Inzwischen hatten sie das Zimmer des Schulratsvorsitzenden erreicht. Light saß auf seinem Schreibtischstuhl, hatte ihm einen Sitzplatz auf dem kleinen Sofa angeboten und rückte noch immer nicht mit der Sprach raus. So etwas konnte er gar nicht leiden... „Was gibt es denn jetzt? Ich habe auch nicht ewig Zeit“, moserte er.
„Ich wollte wissen, was für eine Beziehung du zu Beyond hast?“, rückte Light endlich raus. „Also ob ihr befreundet seit oder ob...“ Mitten im Satz brach er plötzlich ab, sein Blick schien an ihm vorbei gegen die Wand zu schauen und Light wirkte so verflucht unsicher und nervös, dass es ihn schon fast krank machte. Noch nie hatte er den Kerl so erlebt, es passte einfach nicht zu seinem sonstigen Auftreten und das er ihn jetzt auf Beyond ansprach, machte es da nicht unbedingt besser.

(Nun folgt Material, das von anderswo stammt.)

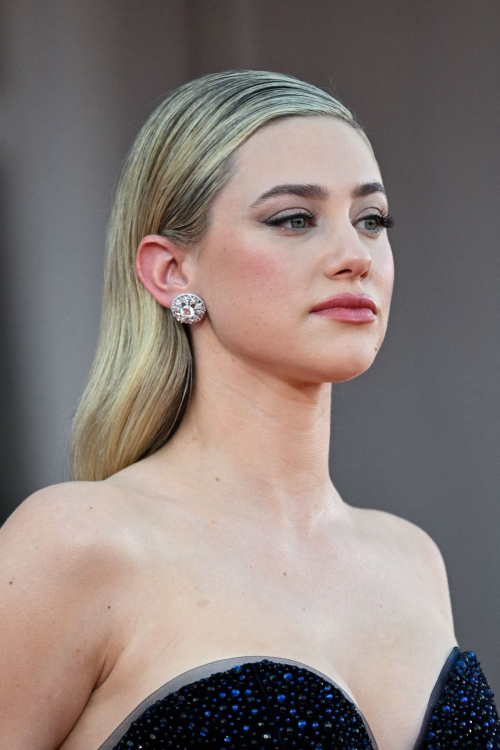 Lili Reinhart in a Black Dress at Babygirl Premiere at 81st Venice International Film Festival 3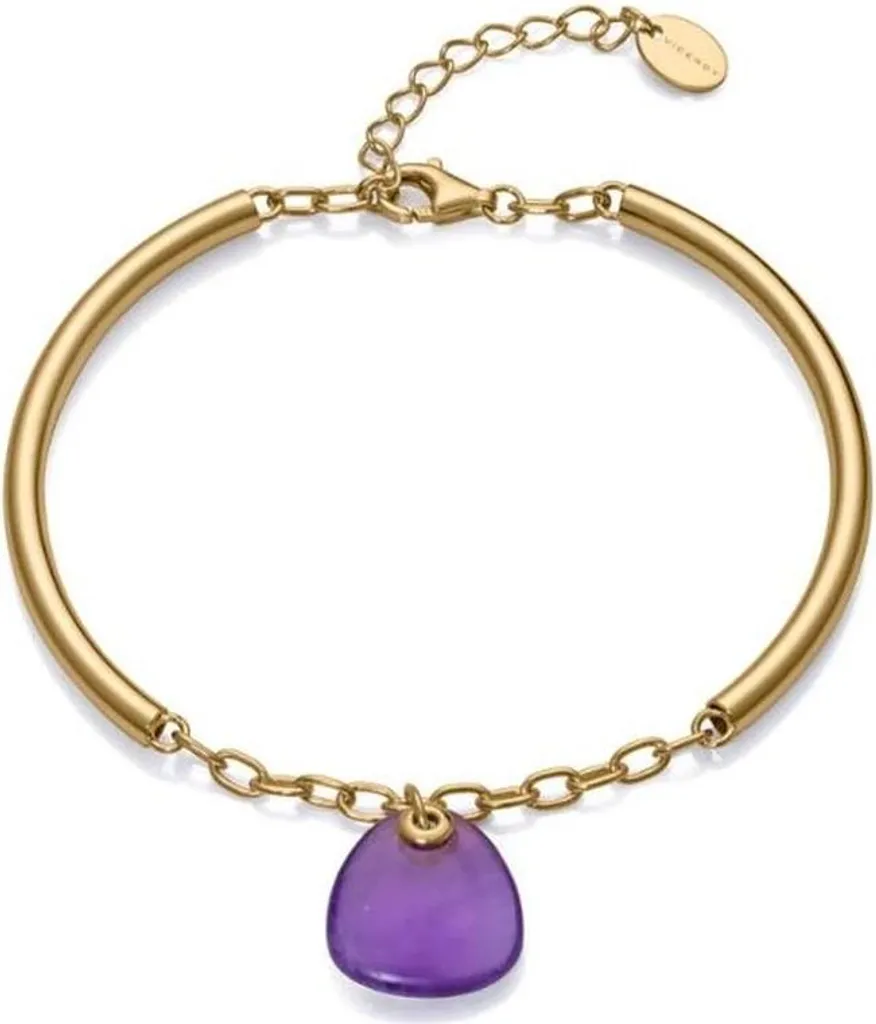Bracelet gourmette femme Viceroy en acier inoxydable or rose 13172P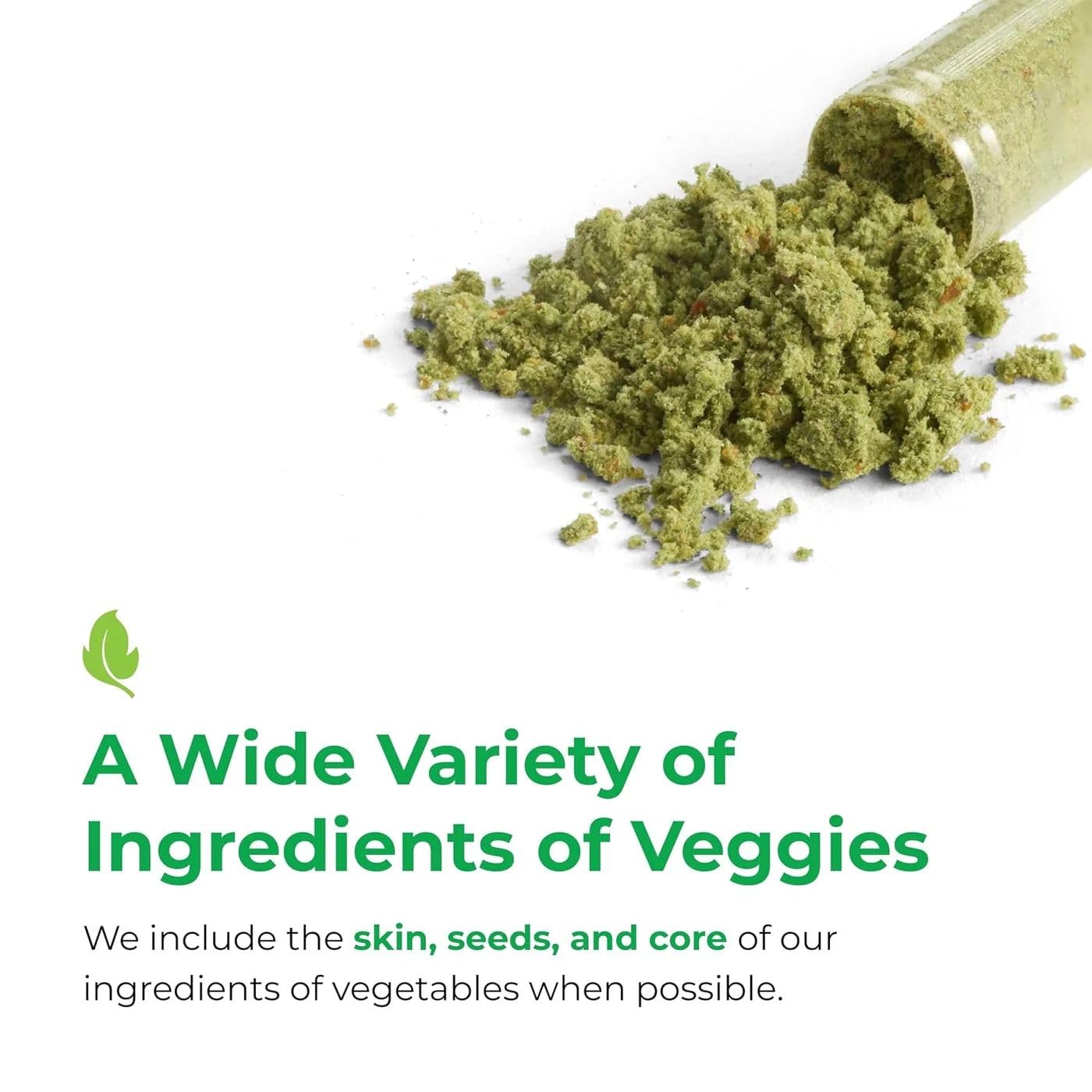Balance of Nature Veggies ingredients including broccoli and carrot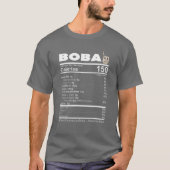 Bubble Milk Tea Nutritional Facts Funny Boba Lover T-shirt (Voorkant)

„Bevor ich dir diese Frage beantworte, möchte ich wissen wie du zu ihm stehst? Weißt du, es ist mir nicht entgangen, dass zumindest er Interesse an dir hat.“ Diese Frage stellte er sich schon, seit er die Beiden zum ersten Mal zusammen gesehen hatte. Zwar hatte es jedes Mal eher so ausgesehen, als würde das Interesse nur einseitig sein, aber Light wäre schließlich auch nicht so blöd und würde in aller Öffentlichkeit sein schwules Leben ausleben. Auch er hatte das nicht getan und das hatte triftige Gründe. Man würde an der Schule keine Akzeptanz mehr erfahren und zum Außenseiter werden, die Cliquen würden auf einem rumhacken und alles in allem wäre es ein reichlich beschissenes Leben. So Kerle wie Beyond, die konnten sich das vielleicht noch leisten. Die meisten Schüler hatten sowieso Angst vor ihm und gegen viele andere hatte er irgendwas in der Hand, womit er ihnen seinen Willen aufzwingen konnte. Genauso wie er diese drei Kerle ,engagiert' hatte um ihn zu verprügeln.
Light schwieg jetzt bestimmt schon eine Minute lang und er glaubte schon gar keine Antwort mehr zu bekommen, als sich plötzlich die ganze Haltung des Brünetten straffte und ihn der entschlossene Blick aus den braunen Augen direkt traf. Es war eine überraschende Wandlung und machte ihn tatsächlich für einen Moment stutzig.  „Ich kann Beyond und seine ganze Art nicht leiden. Er schüchtert andere Menschen ein, droht ihnen Gewalt an und will so die Kontrolle über sie erlangen. So etwas ist menschenunwürdig und abstoßend.“
So wie das jetzt klang, hatte Light also schon, wohl aber eher unfreiwillig, Bekanntschaft mit den Seiten von Beyond gemacht, die er inzwischen nur allzu gut kannte. Ein Grinsen legte sich auf sein Gesicht, während er den Kopf auf die Rückenlehne des Sofas legte und mit geschlossenen Augen die Decke anstarrte. „Das mag wohl stimmen, aber solange er mit dieser Masche Erfolg hat, wird er wohl auch nicht damit aufhören. Du hast dich ihm doch auch unterworfen, hab ich nicht Recht?“ Er brauchte seine Augen nicht zu öffnen, um zu wissen das Light jetzt leichenblass wurde. Es stimmte also. Lights Schweigen brachen die letzten Zweifel. Dieses manipulative Schwein setzte also wirklich noch immer dieselben Methoden ein und hatte damit Erfolg.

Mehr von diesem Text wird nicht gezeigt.